## THE DATA
----

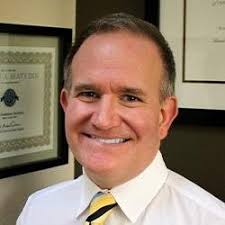 Drew Beaty DDS, 31003 Pacific Hwy S, Federal Way, WA 98003, US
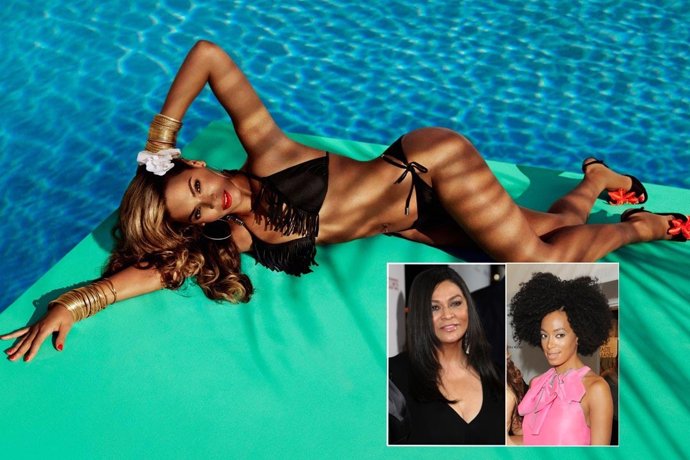 Vídeo de la noticia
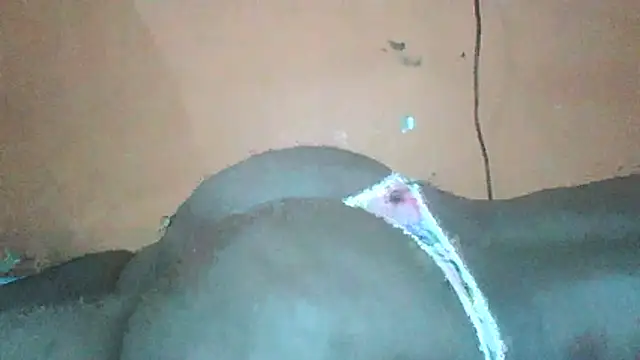 Sexyass100 online show from 30, 4, 2026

----

## ACTIVITY
A word-for-word copy of all the data is required, minus the pictures.

## RESPONSE TO THIS TASK
 Drew Beaty DDS, 31003 Pacific Hwy S, Federal Way, WA 98003, US
 Vídeo de la noticia
 Sexyass100 online show from 30, 4, 2026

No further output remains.